We’re located in Florissant and service the surrounding area, so feel free to swing by if you’re searching for a new furnace or want to set up an appointment to have one of our techs visit your home and help you figure out which system is ideal for your home. Schedule furnace repair or a furnace service appointment with B & B Heating & Cooling using our online scheduler, or if you’re in need of help a little more quickly, give us a call at 314-838-9800. 
High-efficiency condensing furnaces (90% AFUE and above) are a bit more complex than conventional furnaces. The main differences between a conventional and condensing furnace are the heat exchanger technology used to extract heat from the combustion process and the method used to exhaust the combustion gases. In these ways, the furnaces are very different. The condensing furnace does not have a significantly more efficient combustion process than does a conventional furnace; both use gas burners with electronic ignition. The difference lies in that the condensing furnace has a more efficient heat extraction process after combustion.
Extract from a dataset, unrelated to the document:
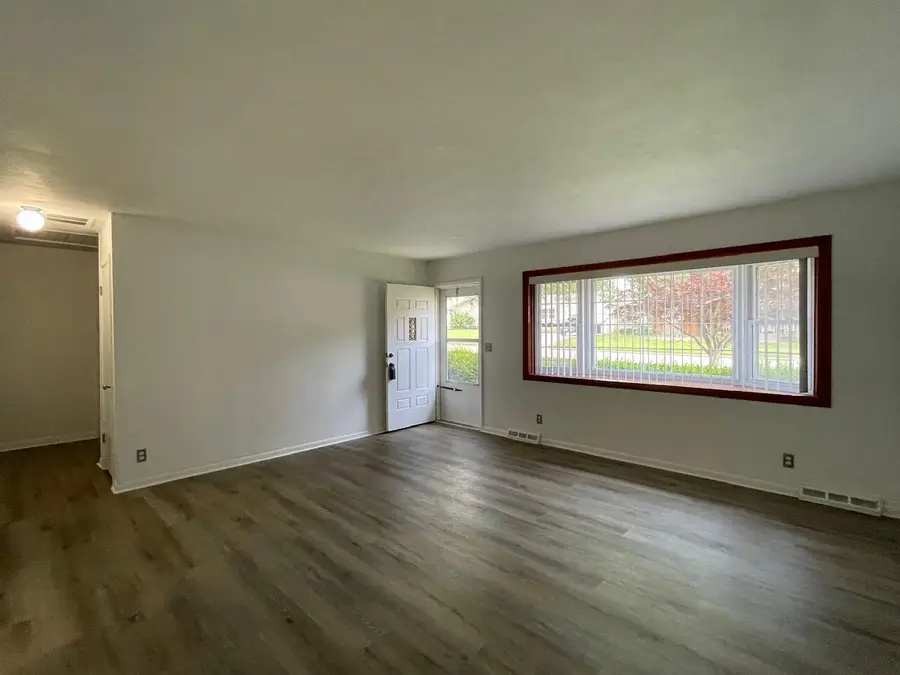 2716 E Linwood Street, Springfield, MO 65804 - #2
*Residential Service call's subject to $119.00 travel and diagnostic fee, Commercial Service call's subject to a $149.00 travel and diagnostic fee. Once diagnosed, necessary repairs will be quoted in accordance with standard flat rate repair price. Repair and quoted repair price may be accepted or declined by the customer at that time. Travel and Diagnostic fee will still apply in case customer declines repair. All calls are C.O.D. Overtime rates for Residential Service are $169.00, overtime rates for Commercial services are $179.00.  These rates are for services performed after normal business hours Monday through Friday 8am-4:30pm.
The national average for furnace replacement is between $1,800 and $2,500. The cost can range dramatically higher depending on the model of furnace you select, any repair work you require, your location and the cost of installation. Furnace installation costs can be more than the furnace itself due to the cost of doing business and the expertise needed to install the HVAC equipment. Installing a new furnace generally requires technical know-how and the proper tools and licensing. It’s best to hire a pro and budget for furnace installation rather than risk potentially unsafe DIY installation. This will ensure your home’s safety. Check to see if your HVAC contractor has the proper licensing to do the job. If you need duct repair or replacement, expect to pay more for your furnace installation costs. The price for duct repair could be an hourly rate ranging on average anywhere from $85 to $150 per hour, with additional costs for parts.
You should never wait for your furnace to break down completely before scheduling professional furnace repair service in Kirkland, WA. The best way to handle any furnace repair needs is to contact a repairman at the first sign of trouble. If you notice a spike in heating costs, your furnace is not heating your home evenly, or it makes strange and unusual sounds, then it’s time to bring in a qualified Kirkland furnace repair technician.

Great article! I am having trouble identifying what to use for the aluminum or zinc strips to prevent organic growth and staining. How wide are the strips? Are they predrilled? I am starting to see black stains on the north facing asphalt shingles. Do you recommend treating that befor adding the metal strips? If so, 50/50 bleach and water or a commercial product?